Thursday, September 4, 2008

What's left behind II

The back of Monroe’s favorite photograph of herself, which shows her standing in a jeep, taken by a soldier in Korea during her U.S.O. trip there. Photograph by Mark Anderson.

A large cache of personal effects belonging to Marilyn Monroe has been unearthed, and photographed by Mark Anderson in a project which took almost two years to complete. The contents of two filing cabinets, stuffed with receipts, letters, telegrams, fan mail and personal effects have been archived and documented by Anderson: 586 items are available to view here.

Receipt for The Works of Sigmund Freud, Photograph by Mark Anderson.

Frank Sinatra had originally suggested that Monroe keep her life in order by organising her papers and personal effects in two filing cabinets: one of these was sold at auction after her death, while the contents of both have in recent years been the matter of a legal dispute between the Monroe Estate and a relative of her former business manager.

Receipt for Van Gogh book recommended to Marilyn Monroe by Lee Strasberg, Photograph by Mark Anderson.
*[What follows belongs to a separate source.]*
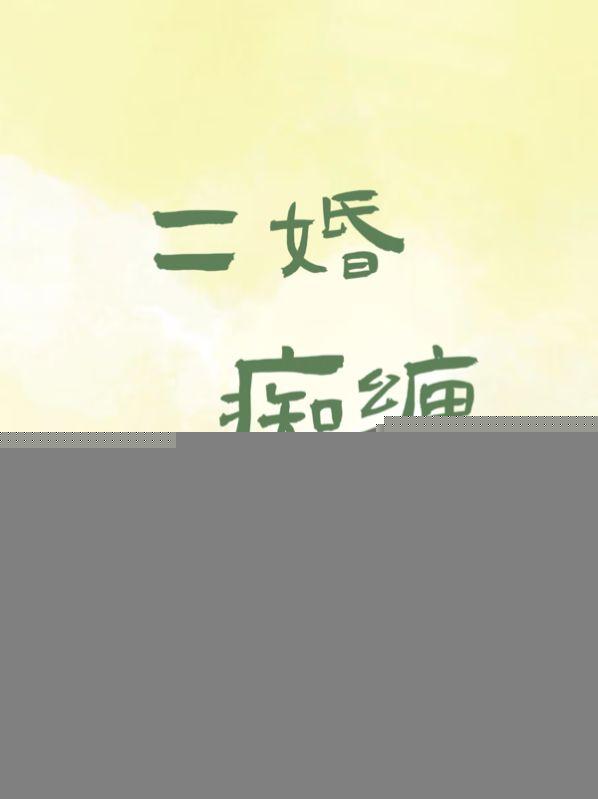 二婚痴缠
Through Anderson's viewfinder, photographs of receipts for groceries and medical procedures and gifts take on a quality somewhere between holy relics and crime scene documents. While the contents of the cabinets are clearly a biographer's treasure trove, what is most striking about the project is its almost Warholian sense of accumulated banality. There are hundreds of images of nothing very much at all: coat check tickets and cash register receipts and packing lists. The best of the photos are those which document a single item.
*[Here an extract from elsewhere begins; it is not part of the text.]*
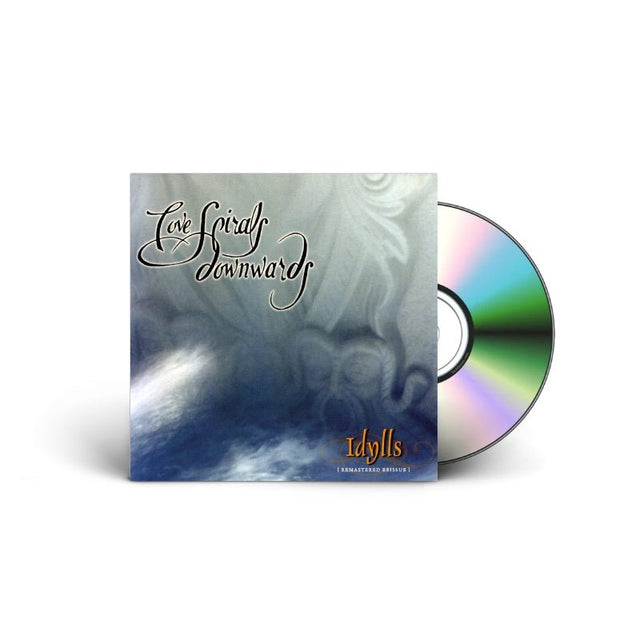 Love Spirals Downwards - Idylls Music CDs Vinyl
I'm struck, as ever, by the pathos of the found note; the impossibility of piecing together a life from scraps of paper left behind, like an archeologist trying to describe a vanished civilisation from a few broken pot shards. Accumulations of objects, lists of services paid for, correspondence entered into: the story is in the details, but the life is somewhere else entirely. Anderson's project is, in the final instance, more existential than revelatory.